## TRY IT
I need the lines from the one with "Akın Akça Hair" through the end of the material, copied exactly and with nothing else included.

## PROVIDED DATA
++++++++

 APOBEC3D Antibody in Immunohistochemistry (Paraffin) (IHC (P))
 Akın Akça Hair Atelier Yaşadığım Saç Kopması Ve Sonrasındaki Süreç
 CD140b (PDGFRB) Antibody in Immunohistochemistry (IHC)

++++++++

## OUTPUT OF THE TASK
 Akın Akça Hair Atelier Yaşadığım Saç Kopması Ve Sonrasındaki Süreç
 CD140b (PDGFRB) Antibody in Immunohistochemistry (IHC)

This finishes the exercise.